COUPLE D’ÉCRIVAINS  GENEVIÈVE PETTERSEN ET SAMUEL ARCHIBALD

Un joyeux chaos

« Eh, Pol Pot ! »

Samuel Archibald surnomme affectueusement sa conjointe Geneviève Pettersen, arrivée presque au terme de sa grossesse, du nom d’un sanguinaire dictateur, juste pour rire. Les derniers milles sont éreintants pour elle, qui ne sait plus trop comment s’asseoir confortablement. « Je veux que tu m’appliques mon vernis à ongles sur les orteils jusqu’à l’accouchement ! », lui réplique-t-elle.

Il est professeur de littérature et auteur du recueil de nouvelles Arvida  ; elle est pigiste et auteure du roman La déesse des mouches à feu. Ils ont connu un véritable succès avec leurs livres, ce qui a fait d’eux un couple d’écrivains en vue.

Lorsque nous les avons contactés pour cette série, nous avons proposé de les photographier dans leurs bureaux de travail, mais c’est avec surprise que nous avons appris qu’ils n’en avaient pas ! Il n’y a pas de place pour un bureau dans leur charmante petite maison de Rosemont, d’autant plus que leur troisième enfant est en route.

DU TEMPS VOLÉ À ÉCRIRE

C’est un joyeux chaos qui règne chez les Archibald-Pettersen, entre les enfants, le chien qui jappe et les montagnes de bouquins. Comment sont-ils venus à bout de leurs manuscrits, on se le demande !

« J’ai pris l’attitude guérilla », répond Samuel. « J’écris sur le coin de la table de cuisine, beaucoup dans l’autobus, derrière des factures, même sur du papier de toilette. » « Lui, il est capable d’écrire dans le chaos, note Geneviève. Moi, j’ai besoin de plus de calme, de plus de silence. »

« J’ai compris qu’elle travaillait à quelque chose quand elle a fait un ménage pas ordinaire dans la pièce qui est aujourd’hui devenue la chambre du bébé. » 

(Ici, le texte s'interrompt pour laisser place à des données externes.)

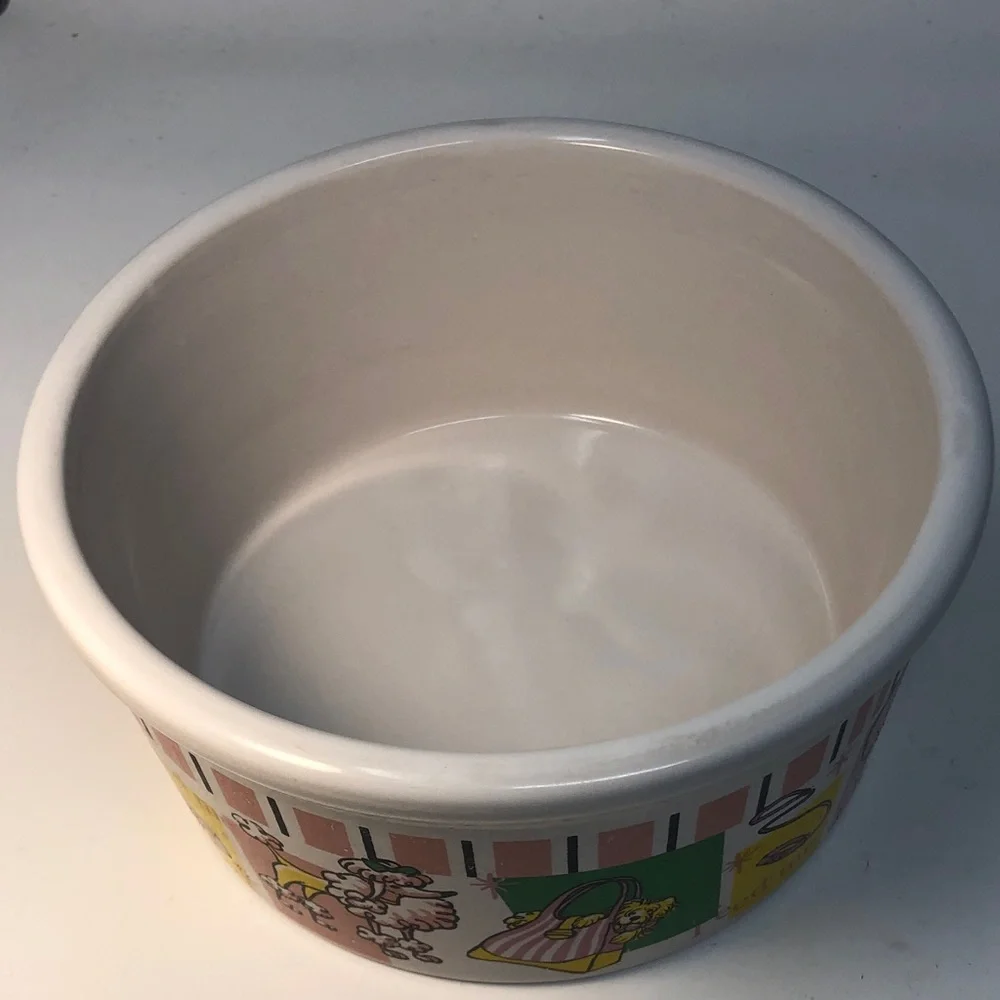 Colorful Ceramic large Dog Bowl with dog Design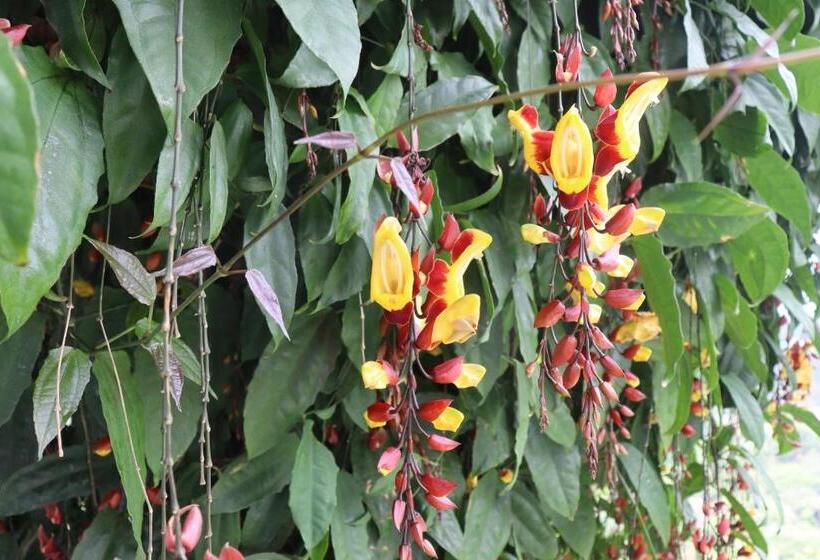 Pleasant Hill Resort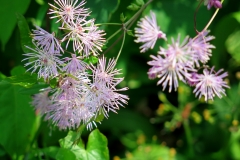 Thalictrum aquilegiifolium (Ruibarbo de los pobres)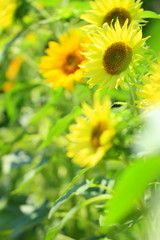 花のイメージ写真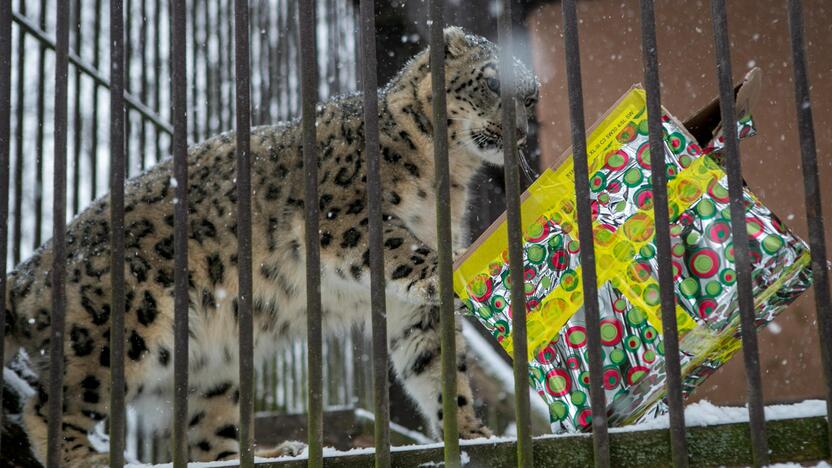 Zoologijos sodo gyvūnai sulaukė kalėdinių dovanų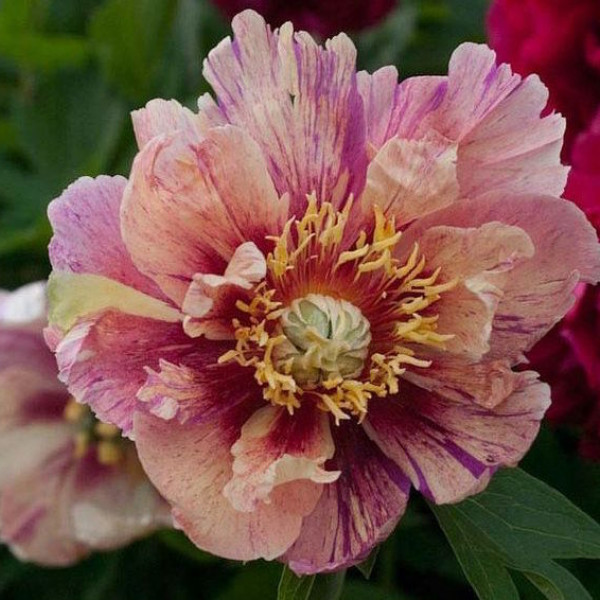 Пион Кэролайн констебль Paeonia Caroline Constabel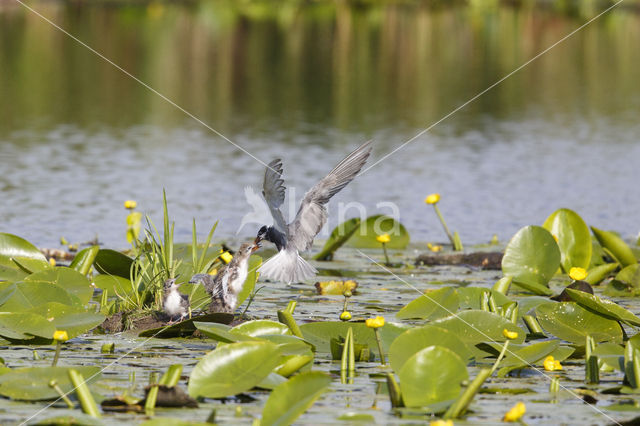 Zwarte Stern (Chlidonias niger)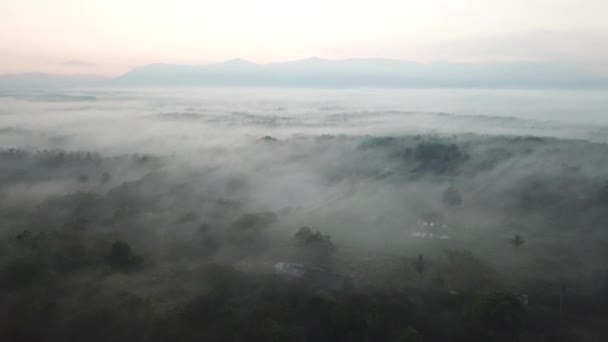 Mlhavá mlha ráno na plantáži poblíž MBI Desaku, Kedah, Malajsie. — Stock video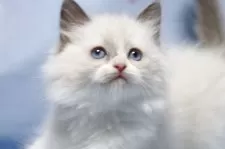 ラグドール【長野県・女の子・2025年8月8日・ブルーポイントバイカラー】の写真2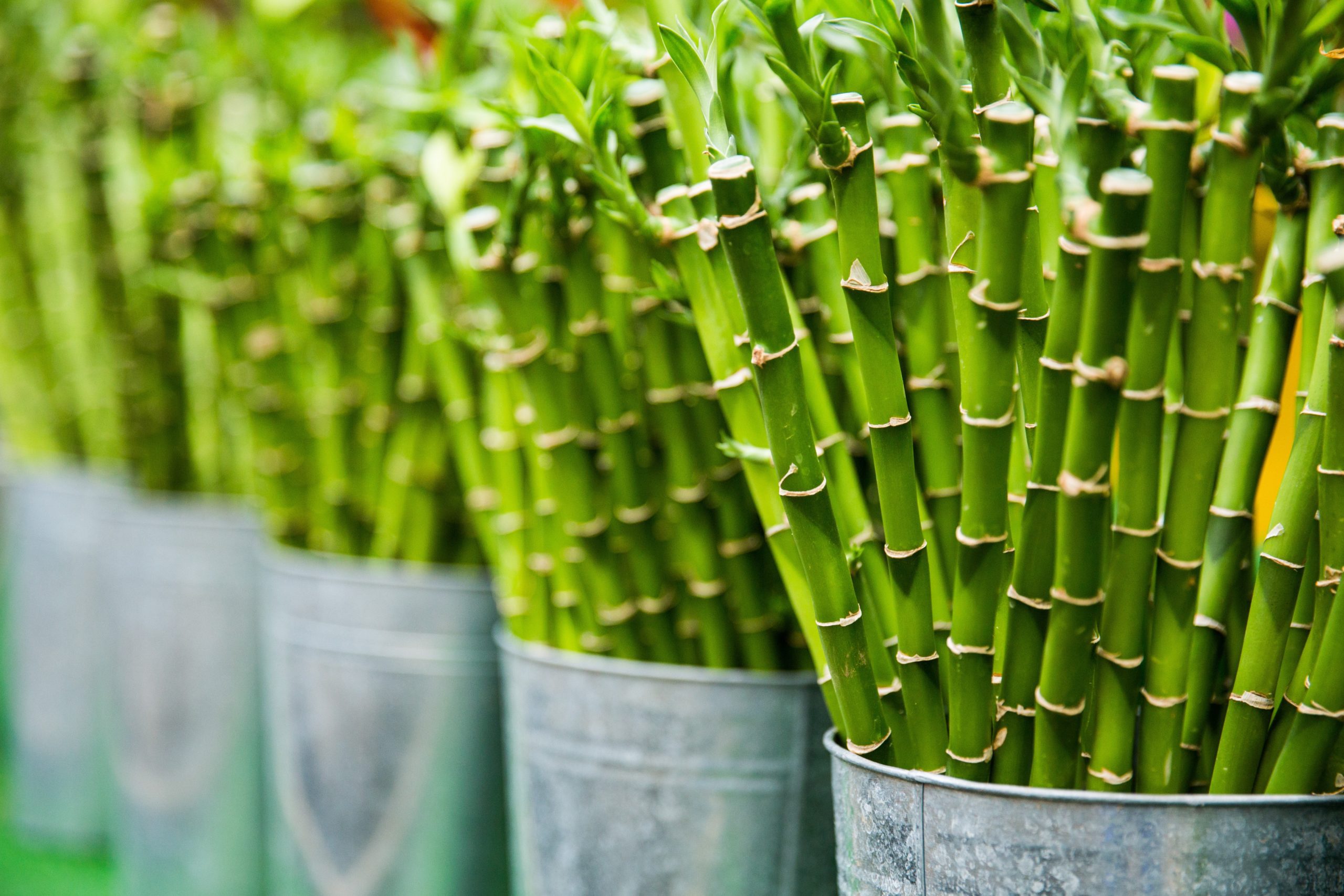 greenwashing bamboo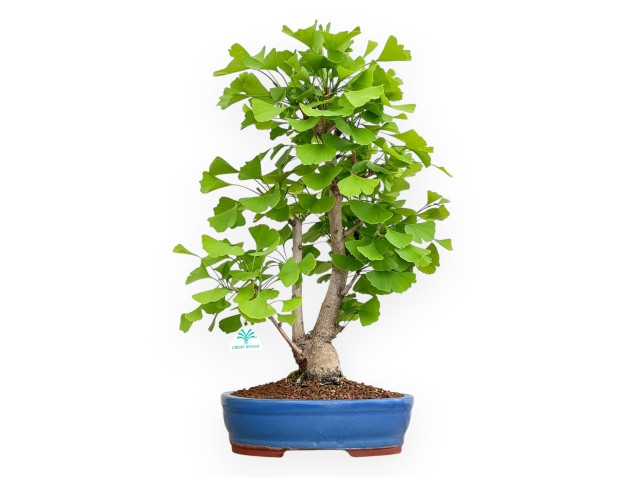 Ginkgo Biloba - 57 cm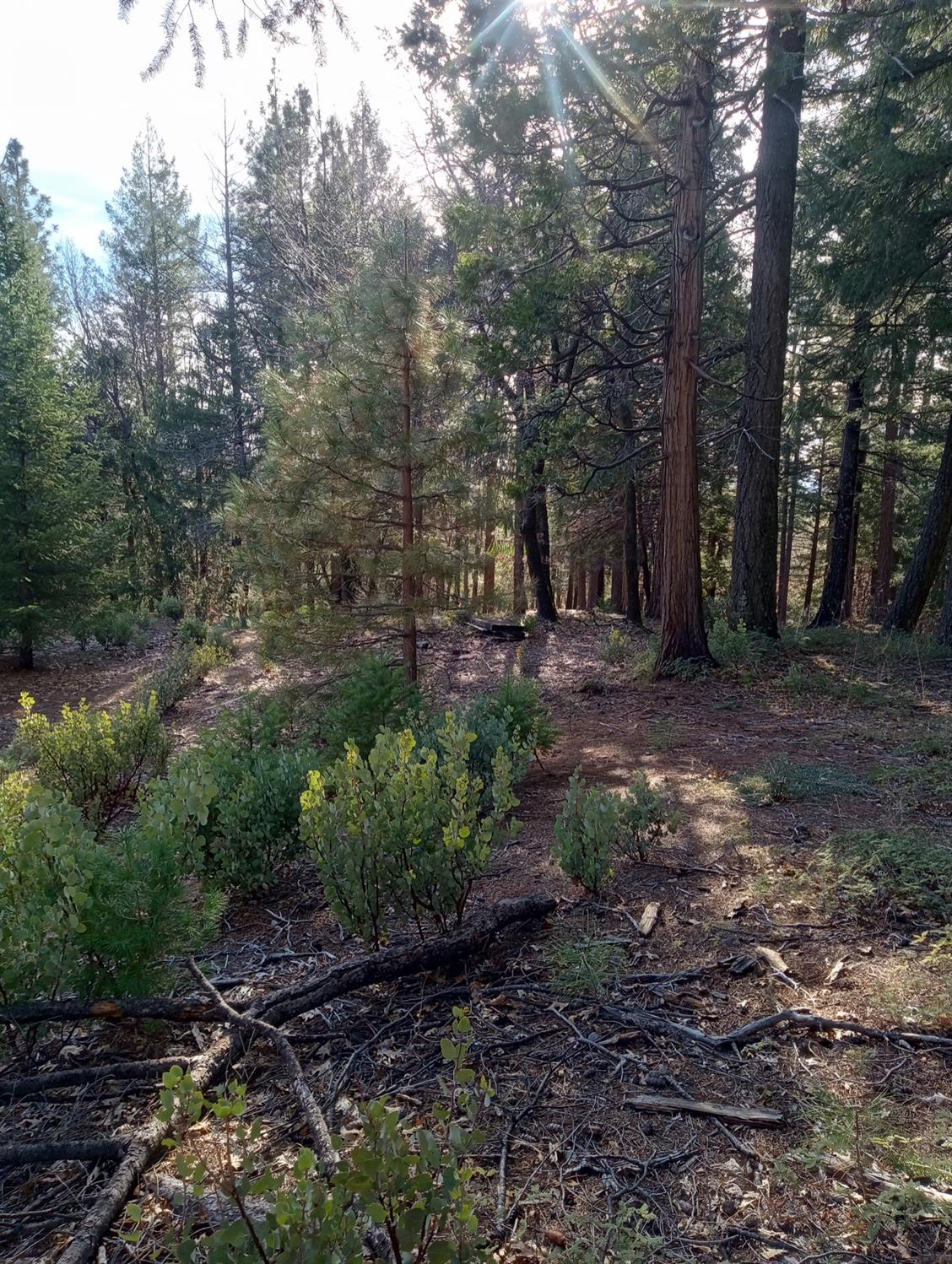 Moody Ridge Road, Gold Run, California image 10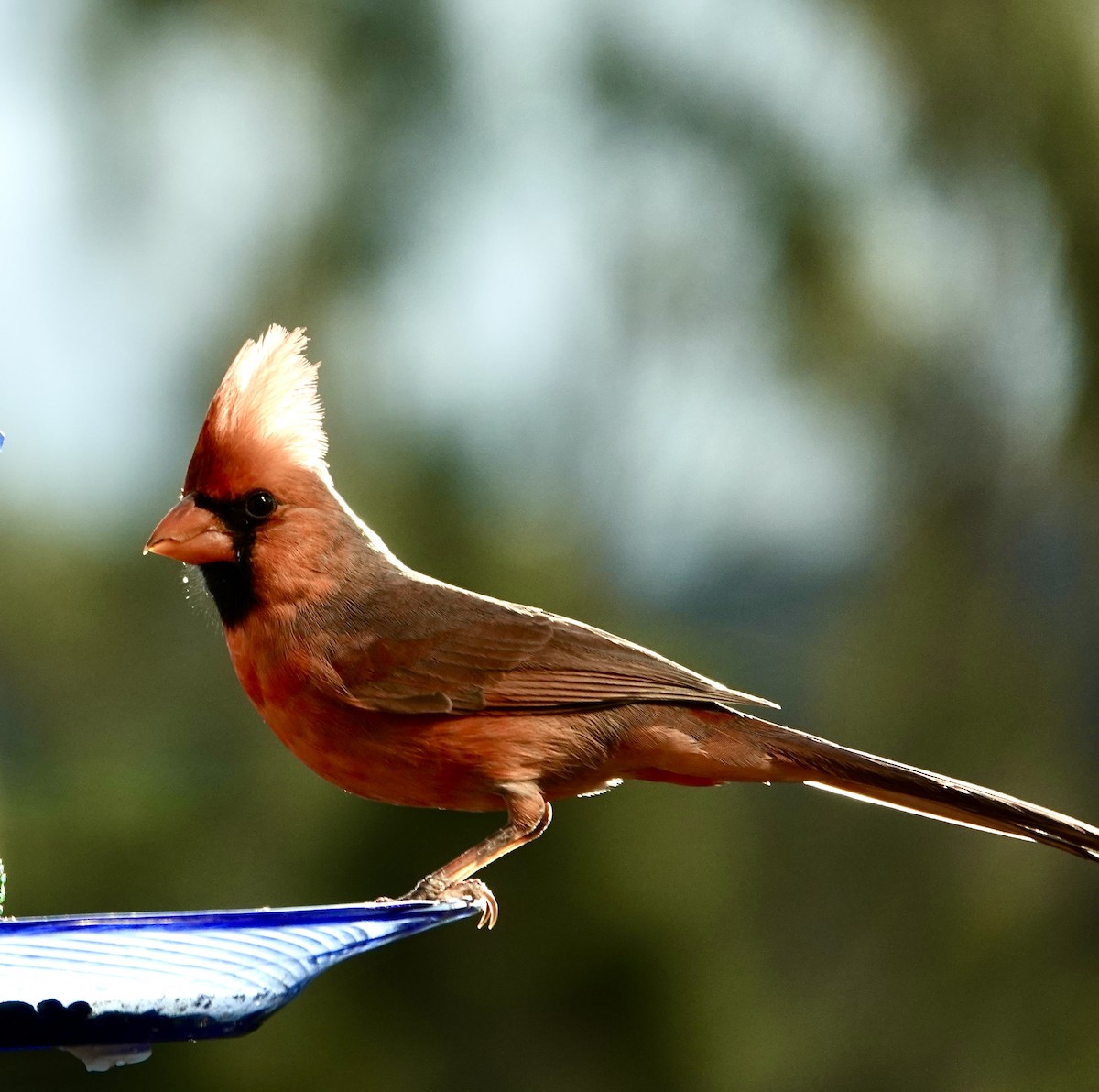 Northern Cardinal - ML645338878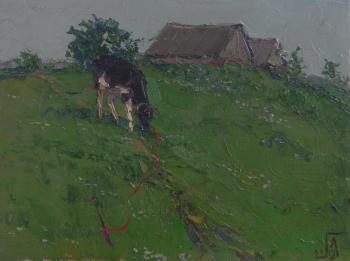 ������� ���������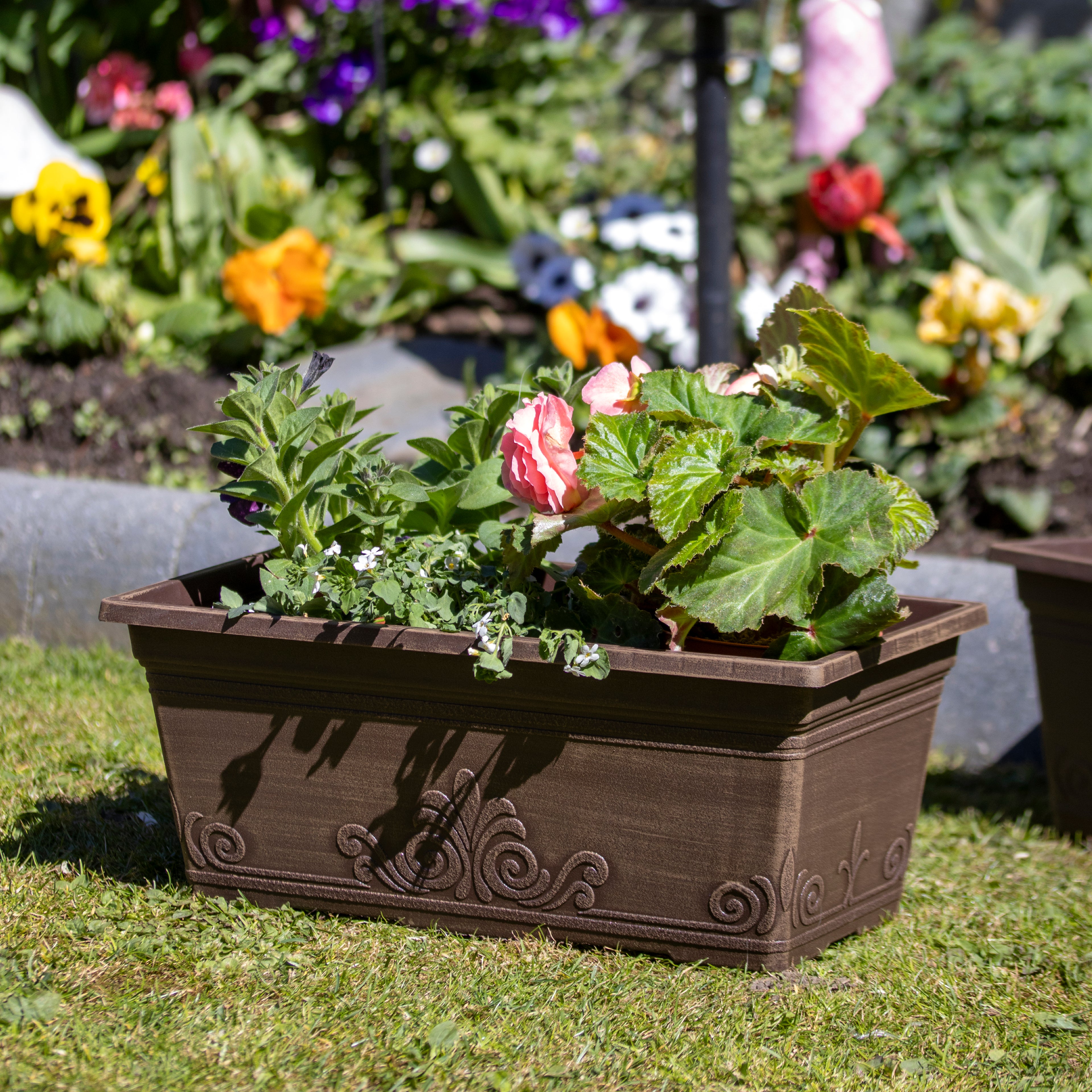 Set Of 2 Brushed Butterscotch Laurel Window Boxes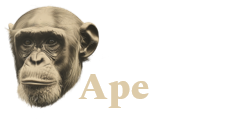 Ape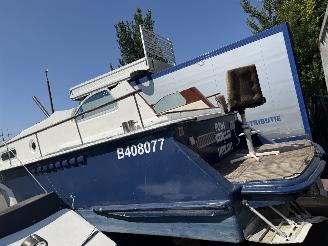 Volvo  Vetus boot picture 20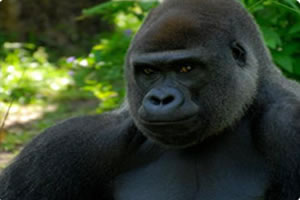 超可爱动物拼图小游戏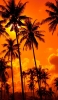 📱オレンジに染まる景色 椰子の木 Galaxy A32 5G 壁紙・待ち受け
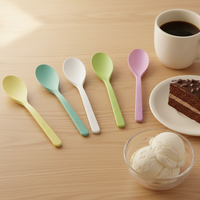 Cuillères à dessert, cuillères à thé et cuillères à glace jetables écologiques en CPLA compostable sans plastique pour usage quotidien et festif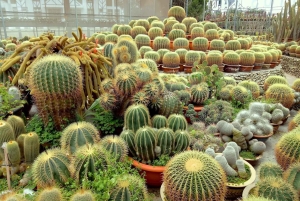 Vanuit Kuala Lumpur: Cameron Highlands privé- of gezamenlijke tour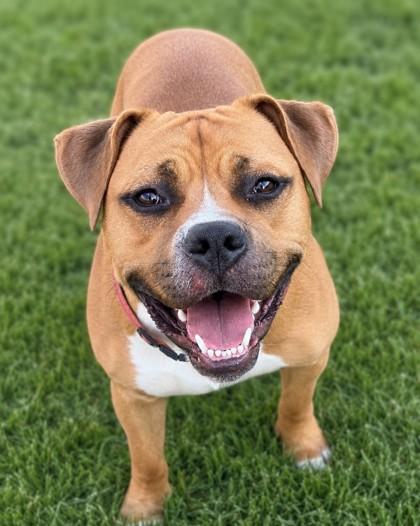 Tucker, a Adoptable mixed breed in Baraboo, WI image 3/3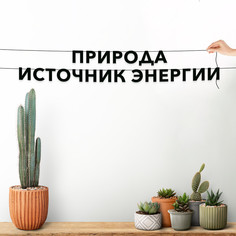 Гирлянда-растяжка Природа источник энергии VN253 черная No Brand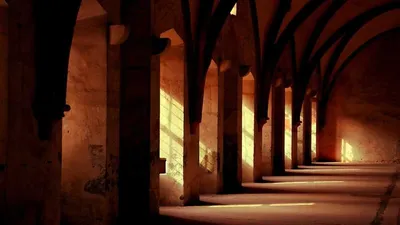 5 Benefits And Side Effects Of Ce B2 Glucan 5 Cont Unique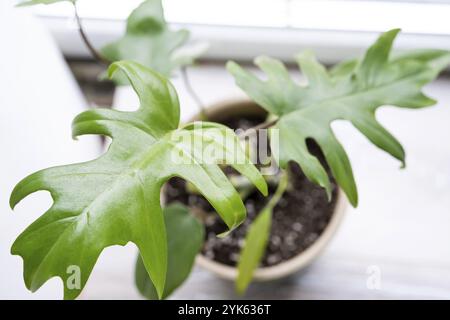 Philodendron Mayo im Inneren des Hauses. In einen Topf geschnitzte Blätter einer Zimmerpflanze. Pflege und Kultivierung tropischer Pflanzen, Grünhaus Stockfoto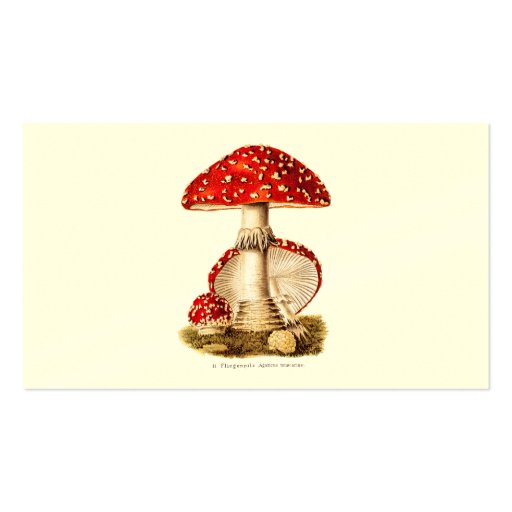 Vintage 1800s Mushroom Red Mushrooms Template Business Card Template (front side)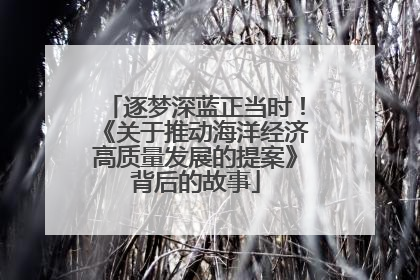 逐梦深蓝正当时！《关于推动海洋经济高质量发展的提案》背后的故事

— Samuel Archibald à propos de Geneviève Pettersen

Pour tous les deux, écrire signifie voler du temps au rythme effréné de leur vie. Il leur a tout de même fallu une petite retraite pour mettre la touche finale à leurs livres, en s’isolant dans un chalet, sinon carrément dans le salon de leur éditeur (ils publient tous les deux au Quartanier).

« J’ai constaté que tout ce que je n’écris pas, je le retiens et ça me travaille, dit Samuel. Quand j’écris des notes partout et que je les perds, je vire à moitié fou ! »

« ÇA, C’EST À MOI ! »

Une saine jalousie anime ce couple d’écrivains. « Sam est plus frustré dans le temps que moi, parce qu’il a un travail de professeur, note Geneviève. Je suis travailleuse autonome ; je peux travailler uniquement sur ce que je veux. »

Le processus d’écriture, ils le vivent chacun de leur côté et ils ne font lire que le résultat – jamais les brouillons – à l’autre, histoire d’éviter de trop s’influencer dans leurs commentaires en cours de création.

Pour les idées, qui leur viennent surtout en voyage, ils tracent spontanément les limites. « Si mon père raconte une bonne histoire, je lui dis : “Ça, c’est à moi !”, précise Samuel. Là où on collabore le plus, c’est lorsqu’on parle de nos titres et de la poutine d’un livre, comme le quatrième de couverture. »

Ils admettent que si Geneviève, qui a publié après Samuel, n’avait pas connu de succès, cela aurait pu être difficile pour leur couple. Heureusement, ils ont tous les deux goûté au plaisir du lectorat, « et ce qui est bien, souligne Geneviève, c’est qu’on n’a pas le même ».

« Moi, c’est les gens d’un certain âge, et elle, ce sont les kids », renchérit Samuel. « Malgré tout, dans les salons du livre, les gens s’attendent à ce qu’on signe ensemble, note-t-elle. Ça intrigue les gens. Ça ne nous dérange pas d’être ensemble ou de faire des talk-shows ; c’est tellement rare que les écrivains prennent ce genre de place. Mais nous faisons quand même attention, il faut que ce soit pour une bonne raison. »

On peut lire Geneviève Pettersen toutes les semaines sur le site web du magazine Châtelaine. Son essai, Vie et mort du couple (Éditions La Presse), est en librairies et son roman, La déesse des mouches à feu (le Quartanier), est en nomination aux prix Archambault. Elle cosigne avec Mélanie Charbonneau la série web Les Stagiaires qui sera diffusée en mars.

Samuel Archibald travaille à son deuxième livre qui sera publié au Quartanier, et présentera cet été sa pièce de théâtre Saint-André-de-l'épouvante à Carleton-sur-Mer.